Their response: “We’ll let you know when we have a**hole night and we can honor you at halftime.”

“For people that aren't on board with it, we're okay that, if they feel so different, that they don't want to support us,” Dulle said. “These are core values for us, that we want to be inclusive, that we want to make sure that everyone, whether it's front office employees, whether it's players or fans, that they feel comfortable, and they feel included.” 

Women’s basketball team Phoenix Mercury, who will be having a Pride night on June 11, has also dealt with social media backlash over their LGBTQ players.

Center player Brittney Griner, who just returned from playing in Russia, faced criticism on social media after posting a TikTok video welcoming fans back to the season. Comments ranged from criticizing her voice to calling her a man. The team condemned the comments, calling them vile on Twitter.

“That’s why our athletes continue their work as activists and to bring visibility to marginalized groups. The work continues. We won’t be bullied, intimidated or deterred,” the tweet read.

As sports teams work on making connections with the LGBTQ community and navigate through fan reactions, LGBTQ organizations in Arizona are happy to partner with and educate them. Executive Director of Phoenix Pride, Mike Fornelli, said that more companies and corporate sponsors have reached out to Phoenix Pride for diversity and inclusion training.

“We don't want to have people that are just sponsoring Pride to monopolize on it. We truly want them to be diverse and inclusive and we have those conversations before we even agree to any kind of sponsorship and offer those trainings to them,” Fornelli said.
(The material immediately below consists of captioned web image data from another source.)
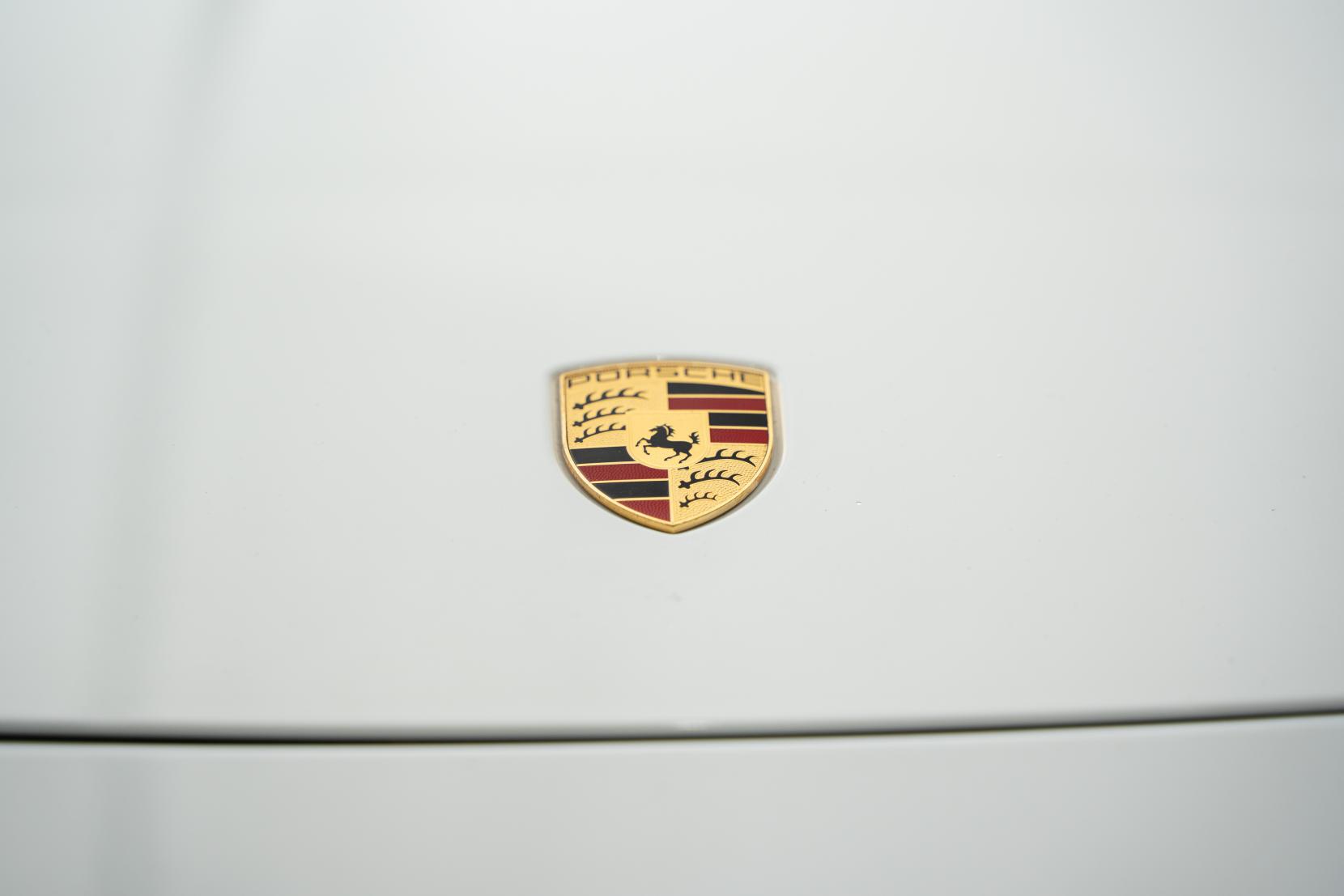 Porsche 911 3.0T 991 Carrera Coupe 2dr Petrol PDK Euro 6 (s/s) (370 ps)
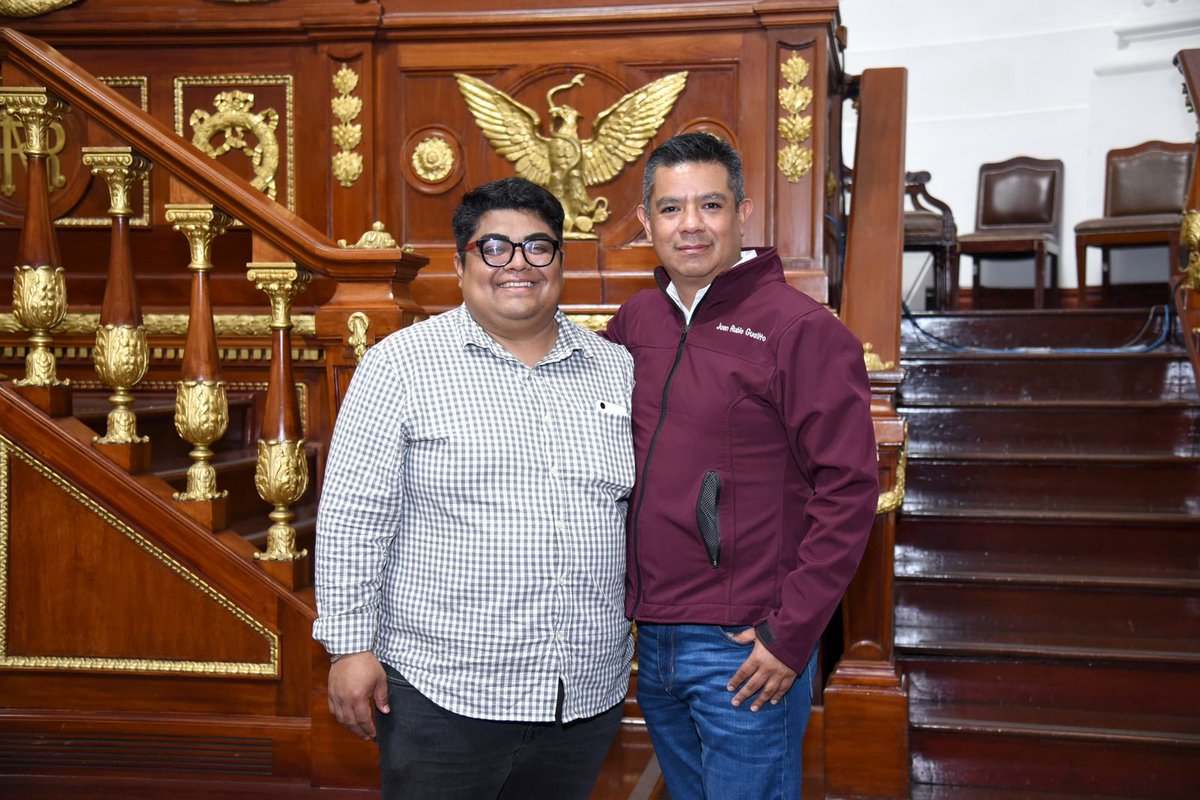 Camarada Santiago, ¡muchas felicidades!
Quiero desearte un muy feliz cumpleaños y aprovechar para reconocer tu buena vibra y la gran labor que realizas dentro de nuestro equipo de trabajo.
Te mando los mejores deseos para este nuevo año de vida. ¡Que lo celebres en grande,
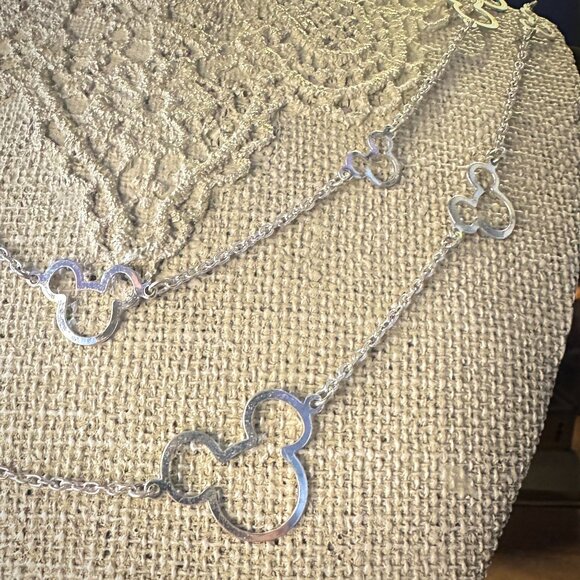 Disney Mickey Mouse Icon Link Necklace - Picture 2 of 3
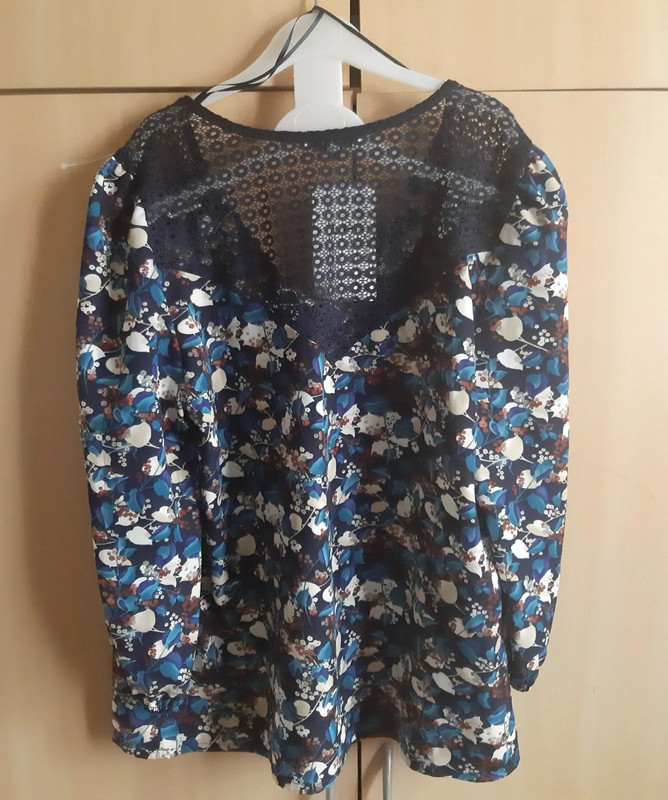 Blouse fleurie de chez la halle 2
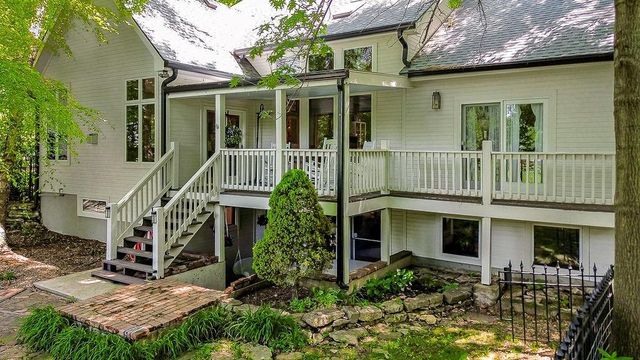 200 N Metcalf Road, Louisburg, KS 66053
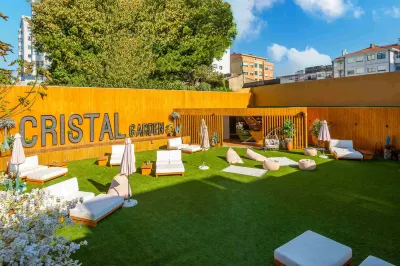 Hotel Cristal Porto Hotels near Casa da Musica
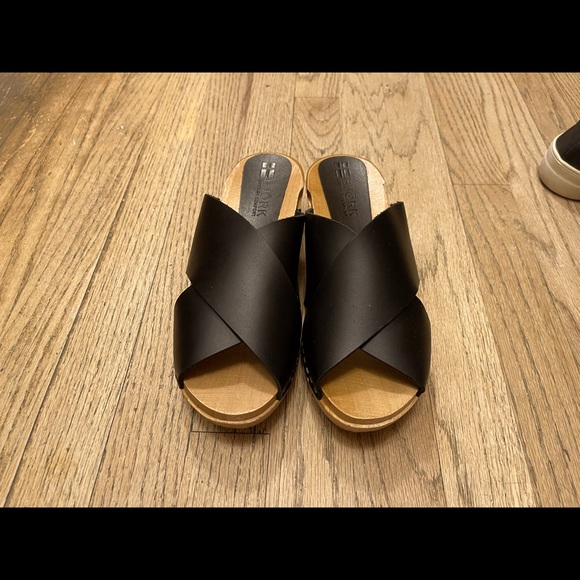 BJORK Swedish Comfort 
Women's EEVI Criss-Cross Leather Wooden Clog Sandals - Picture 1 of 6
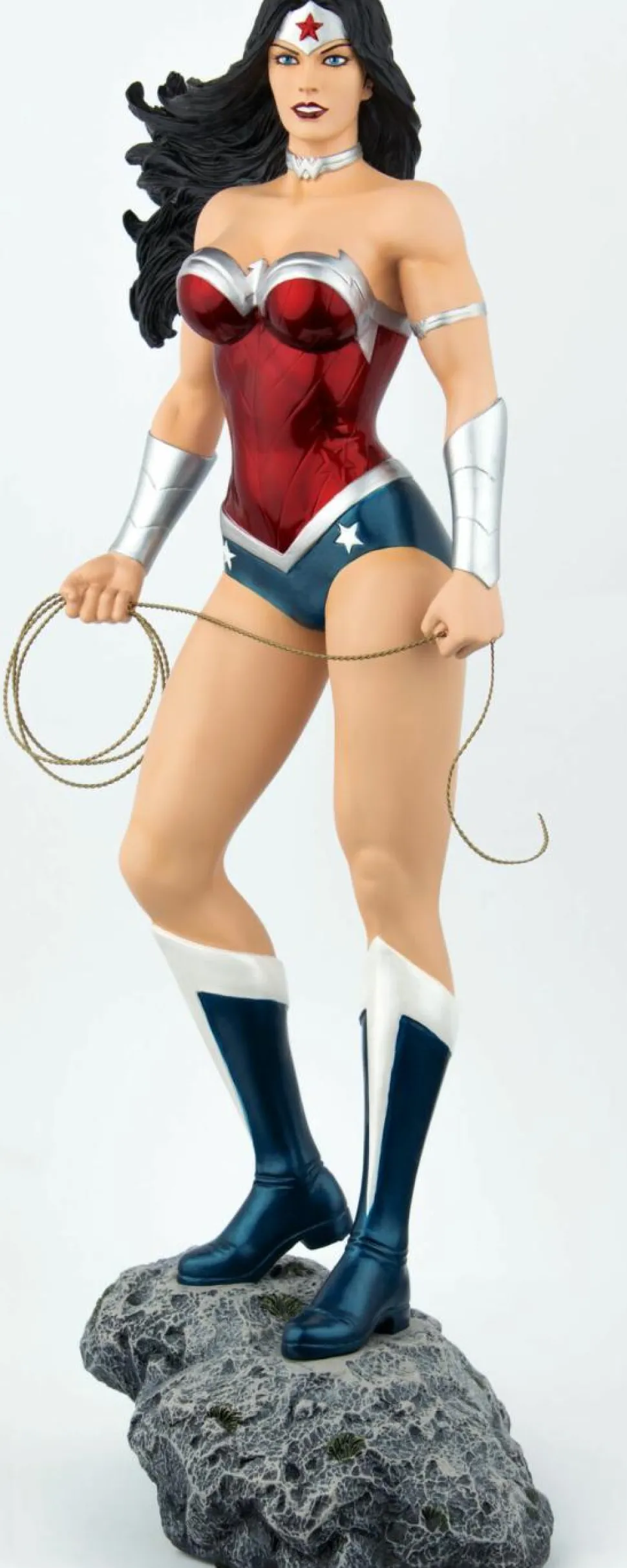Wonder Woman: The New 52 - Wonder Woman 1/6th Scale Limited Edition Statue
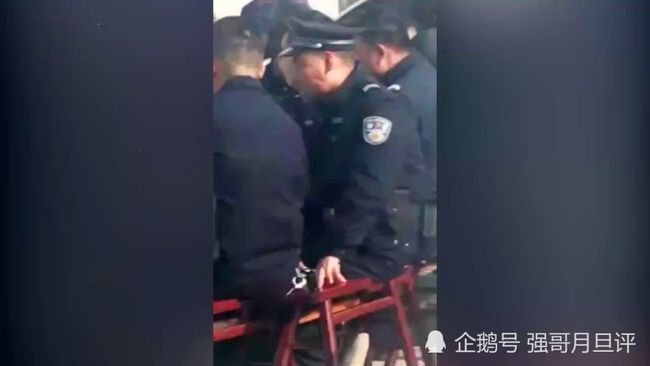 Thảm án chấn động Trung Quốc đầu năm mới: 1 gia đình 4 người tử vong, 2 đứa trẻ trốn thoát, nghi là giết người trả thù vì bị "cắm sừng" - Ảnh 2.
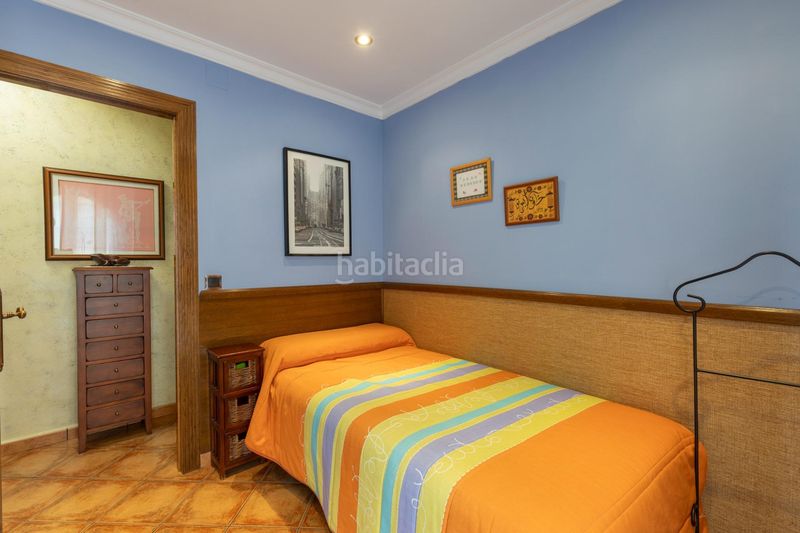 Foto 618dd43a-14ad-42cf-99c2-b797559c9fe0. Casa amb calefacció aparcament a San Francisco Javier Granada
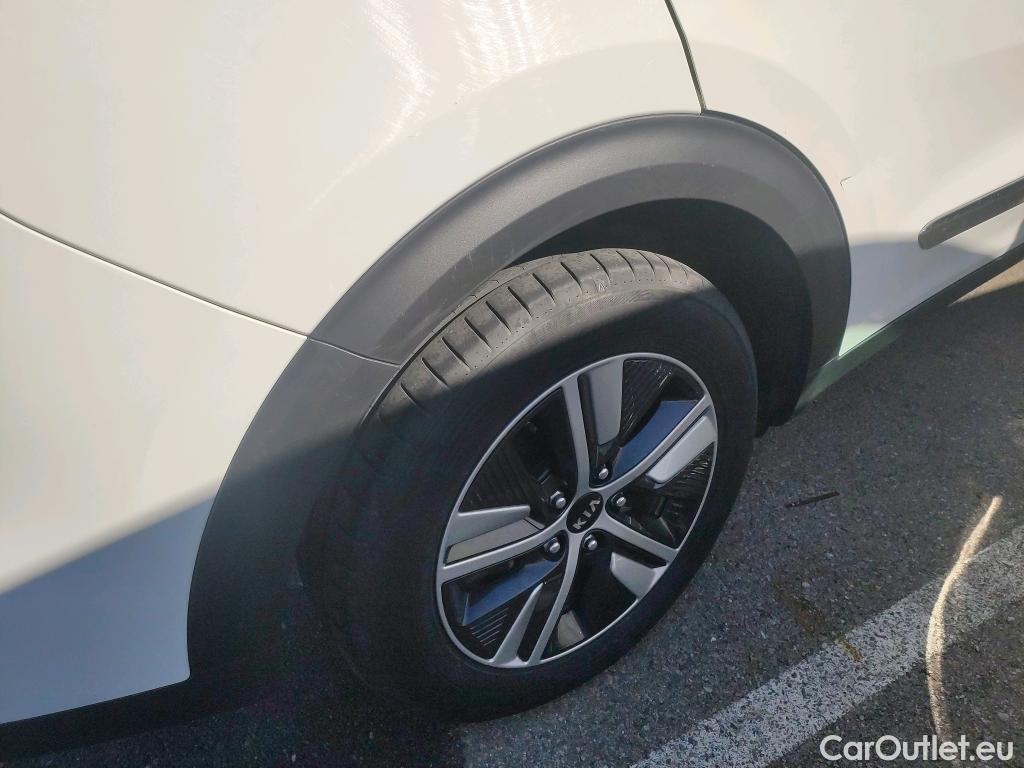  KIA  Niro KIA  / 2019 / 5P / crossover 1.6 GDi PHEV 104kW (141CV) Drive #36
He believes that incorporating Pride nights into the sports season is a great way to raise awareness.

“I think that every sports team, whether they know it or not, or whether the players are out or not, have LGBTQ members either on their staff or on their teams,” he said. “Major league sports has always been kind of that weird genre and the fact that they're embracing it and wanting to show that they are diverse and inclusive, I think is really great for our community.”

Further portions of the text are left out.